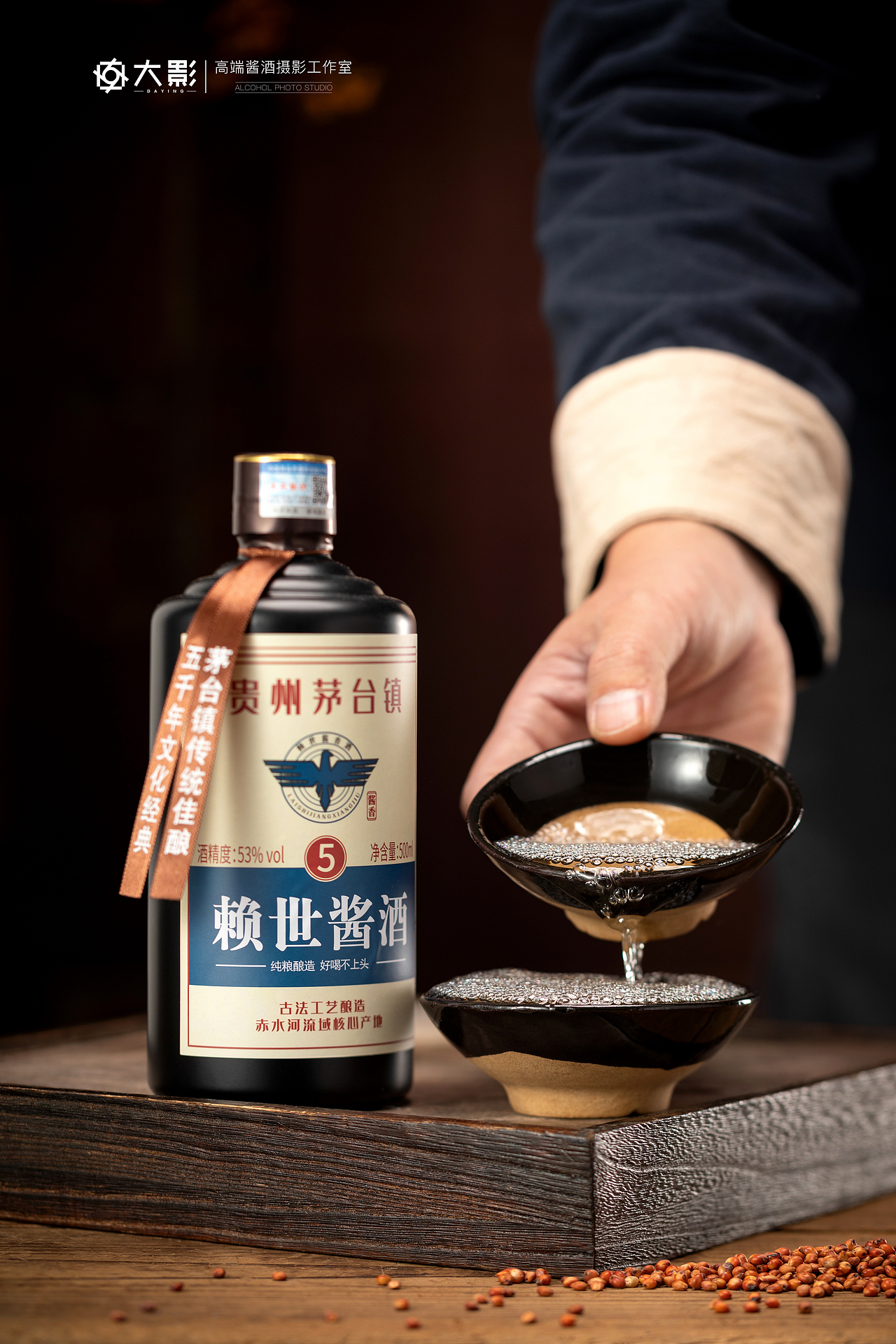 酒类摄影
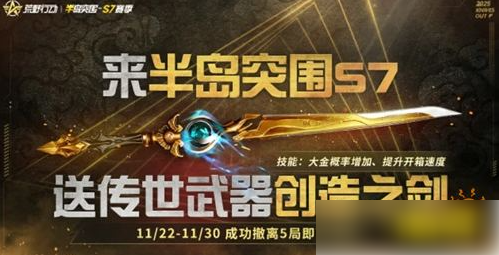荒野行动半岛突围如何卡传世武器 荒野行动传世武器获得方法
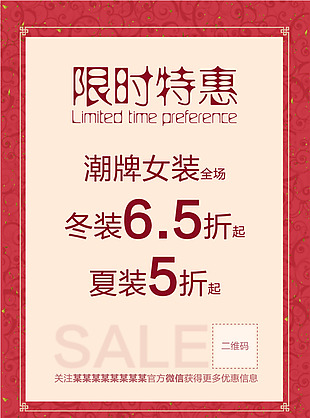 限时特惠海报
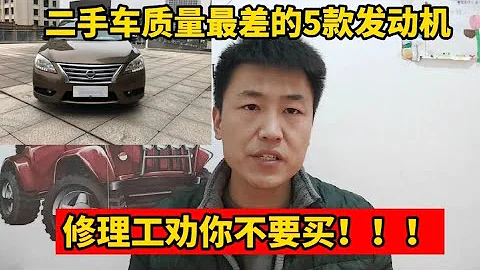 二手車中質量最差的5款發動機，修理工勸你價格再便宜也別買！【小韓修車】 - 天天要聞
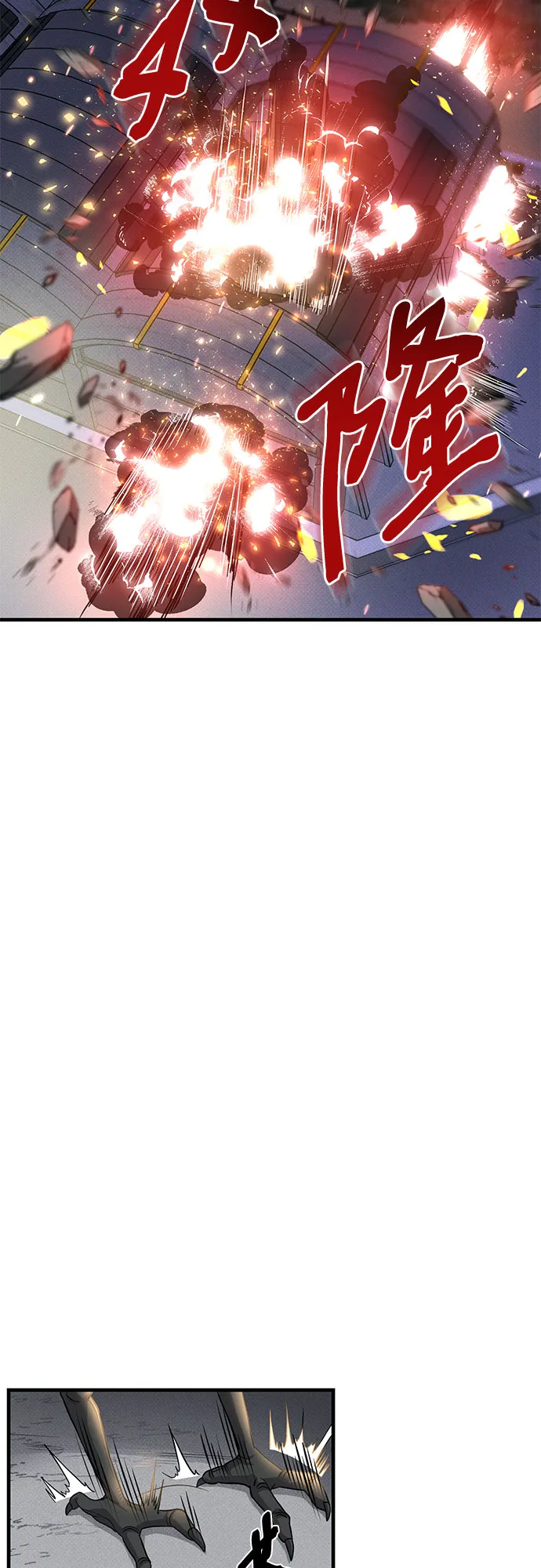 第22话 第35页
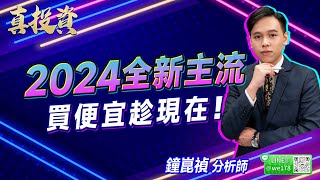 2023.12.22【２０２４全新主流買便宜趁現在！】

### WHAT THE TASK REQUIRES:
Take the material above and set it down exactly, minus the images.

### SOLUTION TO THIS EXERCISE:
 酒类摄影
荒野行动半岛突围如何卡传世武器 荒野行动传世武器获得方法
 限时特惠海报
 二手車中質量最差的5款發動機，修理工勸你價格再便宜也別買！【小韓修車】 - 天天要聞
 第22话 第35页
 2023.12.22【２０２４全新主流買便宜趁現在！】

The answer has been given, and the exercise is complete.